>>>>

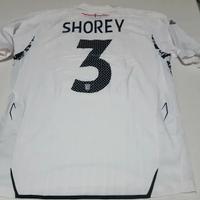 Maglia calcio Umbro-Inghilterra anno 2007-2009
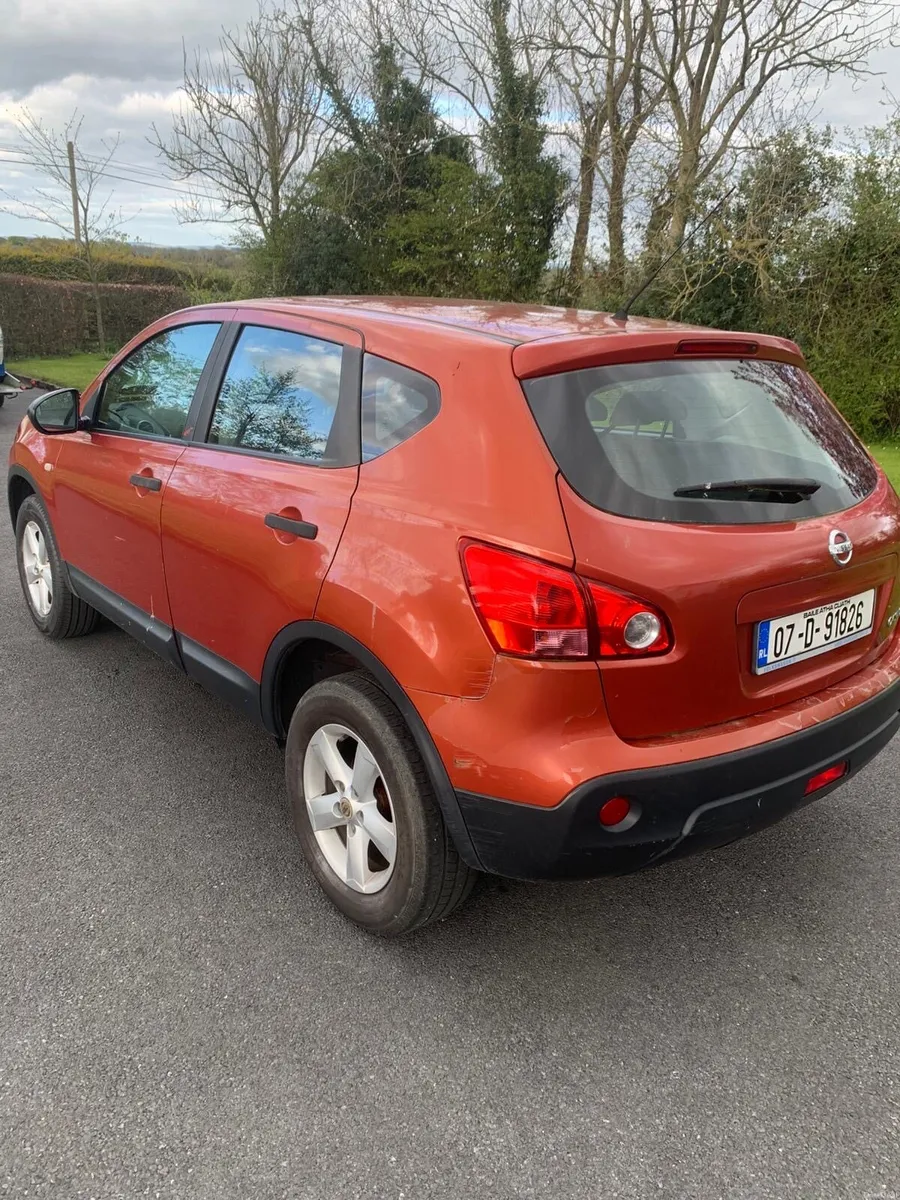 Nissan Qashqai - Image 3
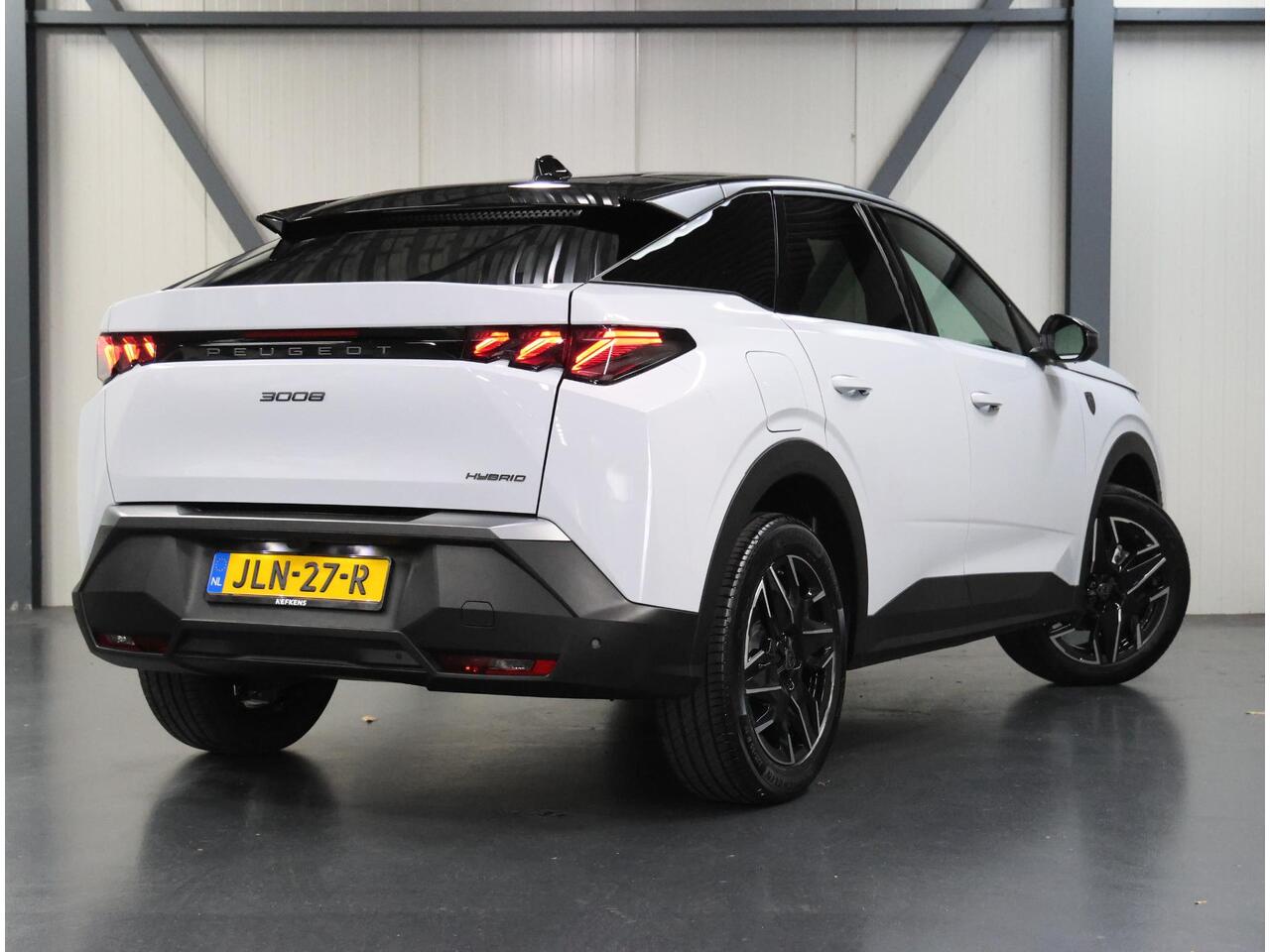Peugeot 3008 1.2 Hybrid 136PK GT | 1ste eigenaar | AUTOMAAT | AppleCarPlay/AndroidAuto | Adaptive Cruise Control | Stoel/Stuurverwarming | Camera | Alcantara/Leer | Sfeerverlichting | Virt.Cockpit | Keyless | Isofix | Privacy Glass | Parkeersensoren | Electrische acht
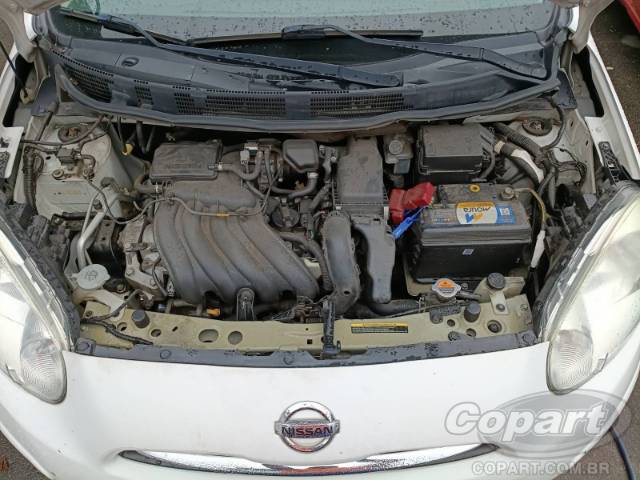 2013 NISSAN MARCH 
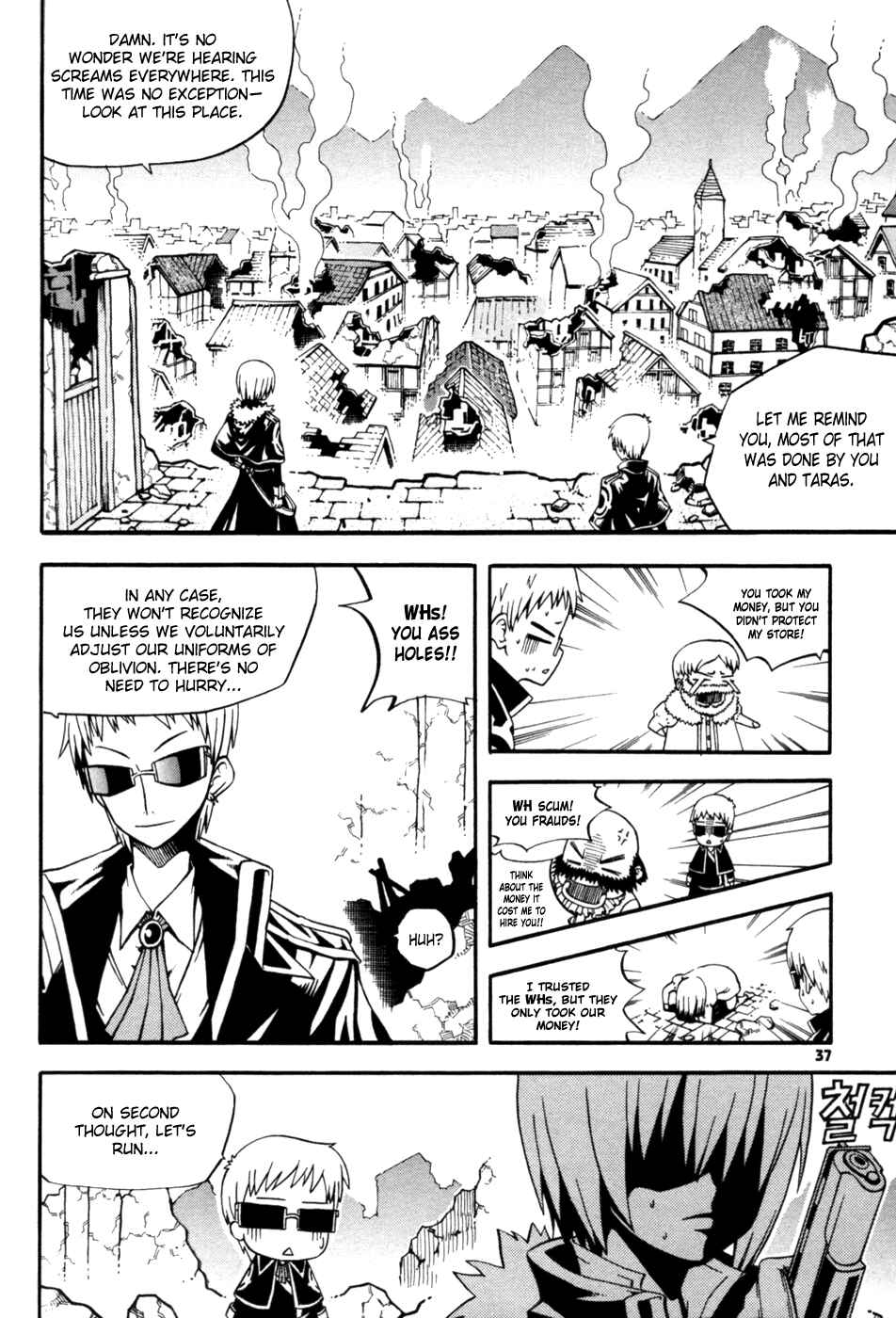 Witch Hunter Chapter 9 - Page 38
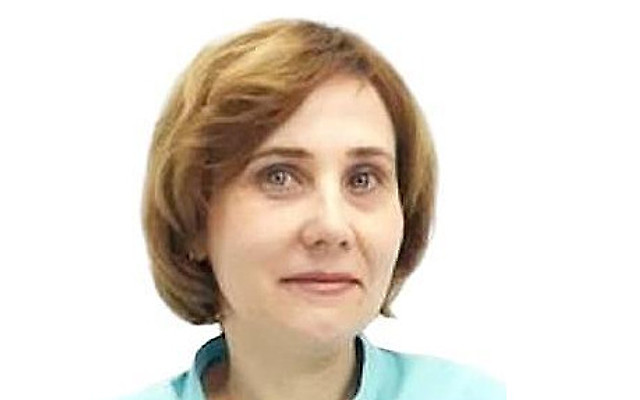 Зотова Светлана Александровна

<<<<

* [TASK OBJECTIVE] Could you set down the data exactly as given, minus its pictures?

* [SOLUTION TO THE EXERCISE]
 Maglia calcio Umbro-Inghilterra anno 2007-2009
 Nissan Qashqai - Image 3
Peugeot 3008 1.2 Hybrid 136PK GT | 1ste eigenaar | AUTOMAAT | AppleCarPlay/AndroidAuto | Adaptive Cruise Control | Stoel/Stuurverwarming | Camera | Alcantara/Leer | Sfeerverlichting | Virt.Cockpit | Keyless | Isofix | Privacy Glass | Parkeersensoren | Electrische acht
 2013 NISSAN MARCH 
 Witch Hunter Chapter 9 - Page 38
 Зотова Светлана Александровна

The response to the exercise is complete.